| WHAT TO WORK ON |
In the records below, the line with "Дом у леса в КП" opens the range and the line with "Felipa Sweater" closes it; print that range exactly and nothing else.

=-=-=

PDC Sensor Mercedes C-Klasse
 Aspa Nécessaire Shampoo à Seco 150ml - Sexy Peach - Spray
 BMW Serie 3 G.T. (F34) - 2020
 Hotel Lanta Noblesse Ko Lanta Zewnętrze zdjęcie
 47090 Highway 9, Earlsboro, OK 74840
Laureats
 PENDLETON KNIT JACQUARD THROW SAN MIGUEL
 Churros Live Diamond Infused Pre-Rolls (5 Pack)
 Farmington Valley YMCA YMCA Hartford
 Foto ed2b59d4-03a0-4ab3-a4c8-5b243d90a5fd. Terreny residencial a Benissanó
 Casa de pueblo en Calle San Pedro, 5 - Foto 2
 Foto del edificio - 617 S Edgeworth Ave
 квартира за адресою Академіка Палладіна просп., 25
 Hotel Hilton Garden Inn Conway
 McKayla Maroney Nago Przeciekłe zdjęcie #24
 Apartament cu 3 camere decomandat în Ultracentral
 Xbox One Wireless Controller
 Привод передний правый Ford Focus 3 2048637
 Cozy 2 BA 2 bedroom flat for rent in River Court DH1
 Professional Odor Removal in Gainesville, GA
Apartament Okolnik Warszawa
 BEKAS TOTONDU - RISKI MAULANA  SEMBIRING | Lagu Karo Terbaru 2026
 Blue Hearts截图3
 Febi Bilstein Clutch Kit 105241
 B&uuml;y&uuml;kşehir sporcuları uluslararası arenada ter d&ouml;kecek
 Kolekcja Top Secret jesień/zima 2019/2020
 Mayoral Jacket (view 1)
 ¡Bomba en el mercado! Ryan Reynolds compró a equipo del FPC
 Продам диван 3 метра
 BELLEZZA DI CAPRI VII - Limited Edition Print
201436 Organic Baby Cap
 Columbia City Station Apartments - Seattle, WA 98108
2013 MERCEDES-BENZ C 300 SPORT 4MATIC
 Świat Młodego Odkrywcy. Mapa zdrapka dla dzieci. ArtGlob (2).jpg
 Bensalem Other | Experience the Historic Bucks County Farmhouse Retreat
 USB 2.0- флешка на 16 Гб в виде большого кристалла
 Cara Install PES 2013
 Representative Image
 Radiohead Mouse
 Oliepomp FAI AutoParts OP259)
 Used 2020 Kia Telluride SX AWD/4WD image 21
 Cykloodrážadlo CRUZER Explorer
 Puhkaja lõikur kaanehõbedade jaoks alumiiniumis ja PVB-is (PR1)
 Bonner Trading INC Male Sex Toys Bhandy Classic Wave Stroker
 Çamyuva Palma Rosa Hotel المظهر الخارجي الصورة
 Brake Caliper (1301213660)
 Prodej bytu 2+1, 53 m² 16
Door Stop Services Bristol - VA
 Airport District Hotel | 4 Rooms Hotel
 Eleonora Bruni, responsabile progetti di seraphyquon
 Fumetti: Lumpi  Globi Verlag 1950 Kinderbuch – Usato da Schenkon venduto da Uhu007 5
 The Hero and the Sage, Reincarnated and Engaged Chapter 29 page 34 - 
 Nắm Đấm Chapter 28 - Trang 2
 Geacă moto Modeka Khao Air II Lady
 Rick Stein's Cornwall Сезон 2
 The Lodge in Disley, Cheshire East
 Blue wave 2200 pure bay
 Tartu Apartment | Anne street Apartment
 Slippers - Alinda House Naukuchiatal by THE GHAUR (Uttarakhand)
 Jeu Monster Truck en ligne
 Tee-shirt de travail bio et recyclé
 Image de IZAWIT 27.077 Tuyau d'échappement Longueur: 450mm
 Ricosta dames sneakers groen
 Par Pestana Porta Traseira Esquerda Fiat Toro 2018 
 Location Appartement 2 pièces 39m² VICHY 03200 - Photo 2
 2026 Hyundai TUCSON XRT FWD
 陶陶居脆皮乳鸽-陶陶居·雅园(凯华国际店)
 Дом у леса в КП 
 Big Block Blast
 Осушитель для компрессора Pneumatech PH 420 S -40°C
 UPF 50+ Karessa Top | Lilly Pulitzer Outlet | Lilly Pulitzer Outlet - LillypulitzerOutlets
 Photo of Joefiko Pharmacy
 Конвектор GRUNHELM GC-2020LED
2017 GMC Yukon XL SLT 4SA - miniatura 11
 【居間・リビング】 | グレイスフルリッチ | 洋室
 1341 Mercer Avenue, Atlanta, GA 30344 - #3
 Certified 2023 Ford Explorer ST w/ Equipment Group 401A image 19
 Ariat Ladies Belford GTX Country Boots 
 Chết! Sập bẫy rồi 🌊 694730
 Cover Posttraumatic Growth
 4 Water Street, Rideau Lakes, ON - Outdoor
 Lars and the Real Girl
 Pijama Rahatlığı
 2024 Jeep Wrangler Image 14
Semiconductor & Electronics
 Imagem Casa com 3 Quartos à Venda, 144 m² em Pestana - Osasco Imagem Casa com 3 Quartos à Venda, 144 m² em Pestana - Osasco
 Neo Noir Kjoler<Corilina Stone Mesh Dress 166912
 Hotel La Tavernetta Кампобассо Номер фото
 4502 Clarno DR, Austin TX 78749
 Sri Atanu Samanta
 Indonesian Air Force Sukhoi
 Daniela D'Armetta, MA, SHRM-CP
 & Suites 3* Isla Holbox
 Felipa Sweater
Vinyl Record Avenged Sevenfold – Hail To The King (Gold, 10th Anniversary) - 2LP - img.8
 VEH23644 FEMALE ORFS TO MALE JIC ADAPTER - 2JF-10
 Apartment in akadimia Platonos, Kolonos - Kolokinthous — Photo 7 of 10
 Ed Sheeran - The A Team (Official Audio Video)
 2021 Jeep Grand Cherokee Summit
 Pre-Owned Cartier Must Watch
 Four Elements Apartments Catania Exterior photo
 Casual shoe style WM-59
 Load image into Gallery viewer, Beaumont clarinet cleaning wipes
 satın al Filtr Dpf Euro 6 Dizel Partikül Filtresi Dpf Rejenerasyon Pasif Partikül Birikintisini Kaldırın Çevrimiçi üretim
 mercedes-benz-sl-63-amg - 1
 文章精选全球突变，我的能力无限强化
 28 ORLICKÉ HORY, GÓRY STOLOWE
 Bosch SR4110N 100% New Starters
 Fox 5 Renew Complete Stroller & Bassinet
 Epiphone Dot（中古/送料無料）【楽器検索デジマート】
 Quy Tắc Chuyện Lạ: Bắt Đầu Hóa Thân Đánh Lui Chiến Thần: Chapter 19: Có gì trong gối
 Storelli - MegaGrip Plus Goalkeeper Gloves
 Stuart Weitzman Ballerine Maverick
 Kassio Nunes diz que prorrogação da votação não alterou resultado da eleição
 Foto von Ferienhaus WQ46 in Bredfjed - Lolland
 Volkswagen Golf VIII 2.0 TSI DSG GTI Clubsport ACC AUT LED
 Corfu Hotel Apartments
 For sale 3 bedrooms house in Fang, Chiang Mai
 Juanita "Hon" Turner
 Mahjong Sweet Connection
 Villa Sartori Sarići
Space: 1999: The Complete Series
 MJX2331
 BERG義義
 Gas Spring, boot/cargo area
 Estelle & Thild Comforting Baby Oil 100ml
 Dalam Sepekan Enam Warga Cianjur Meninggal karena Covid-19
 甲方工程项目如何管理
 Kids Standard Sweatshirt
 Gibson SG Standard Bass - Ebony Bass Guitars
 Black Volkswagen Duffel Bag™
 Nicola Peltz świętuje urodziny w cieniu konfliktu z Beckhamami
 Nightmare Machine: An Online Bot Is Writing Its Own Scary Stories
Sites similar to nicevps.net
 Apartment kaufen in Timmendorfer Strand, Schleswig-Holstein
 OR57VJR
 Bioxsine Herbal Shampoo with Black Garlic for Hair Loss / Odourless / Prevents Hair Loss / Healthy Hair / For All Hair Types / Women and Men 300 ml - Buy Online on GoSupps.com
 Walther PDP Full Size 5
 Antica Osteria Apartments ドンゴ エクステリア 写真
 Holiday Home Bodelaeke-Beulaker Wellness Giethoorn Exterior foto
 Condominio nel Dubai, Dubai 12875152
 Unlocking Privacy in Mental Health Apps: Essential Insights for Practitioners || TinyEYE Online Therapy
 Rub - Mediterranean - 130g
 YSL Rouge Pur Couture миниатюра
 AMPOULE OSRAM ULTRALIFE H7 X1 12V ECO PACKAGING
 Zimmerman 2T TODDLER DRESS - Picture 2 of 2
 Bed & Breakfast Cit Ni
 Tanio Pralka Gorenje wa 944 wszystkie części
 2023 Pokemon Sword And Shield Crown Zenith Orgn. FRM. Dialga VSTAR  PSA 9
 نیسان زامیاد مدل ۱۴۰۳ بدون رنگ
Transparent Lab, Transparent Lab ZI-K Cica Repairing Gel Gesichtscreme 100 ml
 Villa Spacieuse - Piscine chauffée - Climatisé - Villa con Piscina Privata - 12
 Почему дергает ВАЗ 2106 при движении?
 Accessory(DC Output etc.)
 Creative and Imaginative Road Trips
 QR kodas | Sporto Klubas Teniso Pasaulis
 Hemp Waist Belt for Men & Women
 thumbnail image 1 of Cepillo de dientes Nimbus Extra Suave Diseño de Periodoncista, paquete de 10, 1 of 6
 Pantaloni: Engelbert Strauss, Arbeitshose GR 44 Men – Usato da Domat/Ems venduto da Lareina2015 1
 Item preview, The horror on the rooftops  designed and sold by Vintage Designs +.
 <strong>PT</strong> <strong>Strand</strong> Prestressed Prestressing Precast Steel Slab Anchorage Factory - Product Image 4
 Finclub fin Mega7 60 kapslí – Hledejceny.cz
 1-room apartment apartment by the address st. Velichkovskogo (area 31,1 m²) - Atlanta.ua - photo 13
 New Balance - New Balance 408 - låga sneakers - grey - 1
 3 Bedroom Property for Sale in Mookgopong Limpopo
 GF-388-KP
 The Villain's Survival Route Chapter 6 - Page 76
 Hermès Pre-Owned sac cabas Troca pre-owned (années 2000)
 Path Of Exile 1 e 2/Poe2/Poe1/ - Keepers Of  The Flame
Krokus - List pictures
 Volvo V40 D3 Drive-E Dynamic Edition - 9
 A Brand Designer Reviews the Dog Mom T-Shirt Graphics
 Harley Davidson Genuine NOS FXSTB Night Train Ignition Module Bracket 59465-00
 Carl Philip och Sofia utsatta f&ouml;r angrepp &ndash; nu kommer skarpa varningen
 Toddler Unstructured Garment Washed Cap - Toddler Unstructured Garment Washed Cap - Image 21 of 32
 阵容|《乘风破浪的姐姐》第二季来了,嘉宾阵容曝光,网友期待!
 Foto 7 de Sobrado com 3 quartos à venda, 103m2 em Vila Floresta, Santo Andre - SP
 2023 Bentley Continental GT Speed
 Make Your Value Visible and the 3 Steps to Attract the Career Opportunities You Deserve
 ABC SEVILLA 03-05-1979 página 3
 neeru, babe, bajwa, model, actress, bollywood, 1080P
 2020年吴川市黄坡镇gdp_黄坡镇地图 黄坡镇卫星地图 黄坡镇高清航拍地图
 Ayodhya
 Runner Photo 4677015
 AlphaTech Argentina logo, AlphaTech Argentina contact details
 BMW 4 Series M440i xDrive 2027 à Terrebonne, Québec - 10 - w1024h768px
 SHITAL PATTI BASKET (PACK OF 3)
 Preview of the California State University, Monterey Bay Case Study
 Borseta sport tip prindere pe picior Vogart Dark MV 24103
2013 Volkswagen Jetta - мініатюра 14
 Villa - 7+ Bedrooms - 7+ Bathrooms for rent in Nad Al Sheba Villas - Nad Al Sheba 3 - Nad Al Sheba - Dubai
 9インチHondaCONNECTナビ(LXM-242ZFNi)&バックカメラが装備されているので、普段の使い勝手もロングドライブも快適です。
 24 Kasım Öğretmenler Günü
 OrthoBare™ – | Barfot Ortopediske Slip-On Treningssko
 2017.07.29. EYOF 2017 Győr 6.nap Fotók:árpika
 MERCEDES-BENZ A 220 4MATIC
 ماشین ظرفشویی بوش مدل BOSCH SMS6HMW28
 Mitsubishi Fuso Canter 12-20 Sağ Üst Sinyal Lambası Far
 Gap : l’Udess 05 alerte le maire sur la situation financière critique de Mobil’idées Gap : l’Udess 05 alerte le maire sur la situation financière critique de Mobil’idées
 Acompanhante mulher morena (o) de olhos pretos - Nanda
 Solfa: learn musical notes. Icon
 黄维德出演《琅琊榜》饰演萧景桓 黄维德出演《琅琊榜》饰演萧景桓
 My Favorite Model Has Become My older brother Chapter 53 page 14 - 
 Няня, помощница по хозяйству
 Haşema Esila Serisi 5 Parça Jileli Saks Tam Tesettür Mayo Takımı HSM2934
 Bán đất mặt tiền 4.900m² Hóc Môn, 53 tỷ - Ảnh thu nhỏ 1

=-=-=

| ANSWER SPACE |
 Дом у леса в КП 
 Big Block Blast
 Осушитель для компрессора Pneumatech PH 420 S -40°C
 UPF 50+ Karessa Top | Lilly Pulitzer Outlet | Lilly Pulitzer Outlet - LillypulitzerOutlets
 Photo of Joefiko Pharmacy
 Конвектор GRUNHELM GC-2020LED
2017 GMC Yukon XL SLT 4SA - miniatura 11
 【居間・リビング】 | グレイスフルリッチ | 洋室
 1341 Mercer Avenue, Atlanta, GA 30344 - #3
 Certified 2023 Ford Explorer ST w/ Equipment Group 401A image 19
 Ariat Ladies Belford GTX Country Boots 
 Chết! Sập bẫy rồi 🌊 694730
 Cover Posttraumatic Growth
 4 Water Street, Rideau Lakes, ON - Outdoor
 Lars and the Real Girl
 Pijama Rahatlığı
 2024 Jeep Wrangler Image 14
Semiconductor & Electronics
 Imagem Casa com 3 Quartos à Venda, 144 m² em Pestana - Osasco Imagem Casa com 3 Quartos à Venda, 144 m² em Pestana - Osasco
 Neo Noir Kjoler<Corilina Stone Mesh Dress 166912
 Hotel La Tavernetta Кампобассо Номер фото
 4502 Clarno DR, Austin TX 78749
 Sri Atanu Samanta
 Indonesian Air Force Sukhoi
 Daniela D'Armetta, MA, SHRM-CP
 & Suites 3* Isla Holbox
 Felipa Sweater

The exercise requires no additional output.